What is expected:
Which lines below mention "Modern"? Pick each one out.

Given information:
_____
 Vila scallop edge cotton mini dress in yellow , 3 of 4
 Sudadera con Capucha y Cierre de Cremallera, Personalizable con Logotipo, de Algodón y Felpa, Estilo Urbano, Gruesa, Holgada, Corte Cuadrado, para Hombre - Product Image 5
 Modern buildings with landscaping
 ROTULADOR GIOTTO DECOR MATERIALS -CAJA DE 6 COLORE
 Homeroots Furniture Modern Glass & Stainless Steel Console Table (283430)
_____
Solution to the problem:
 Modern buildings with landscaping
 Homeroots Furniture Modern Glass & Stainless Steel Console Table (283430)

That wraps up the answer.